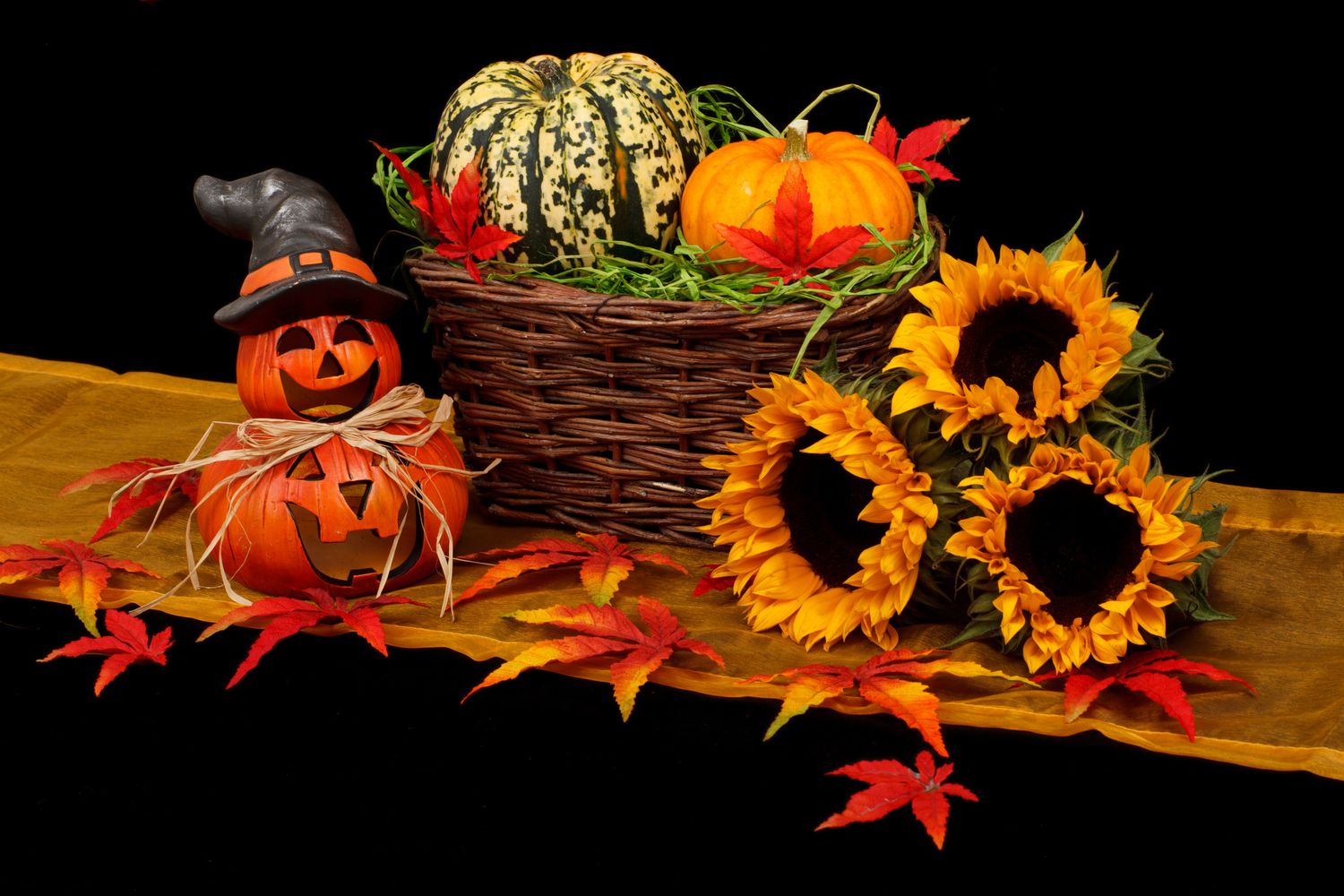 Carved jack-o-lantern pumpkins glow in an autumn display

_ _ _ _

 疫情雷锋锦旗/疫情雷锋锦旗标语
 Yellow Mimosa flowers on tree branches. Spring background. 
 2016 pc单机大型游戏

_ _ _ _

Of all the entries above, output exactly the lines between the one holding "疫情雷锋锦旗/疫情雷锋锦旗标语" and the one holding "2016 pc单机大型游戏", inclusive.

 疫情雷锋锦旗/疫情雷锋锦旗标语
 Yellow Mimosa flowers on tree branches. Spring background. 
 2016 pc单机大型游戏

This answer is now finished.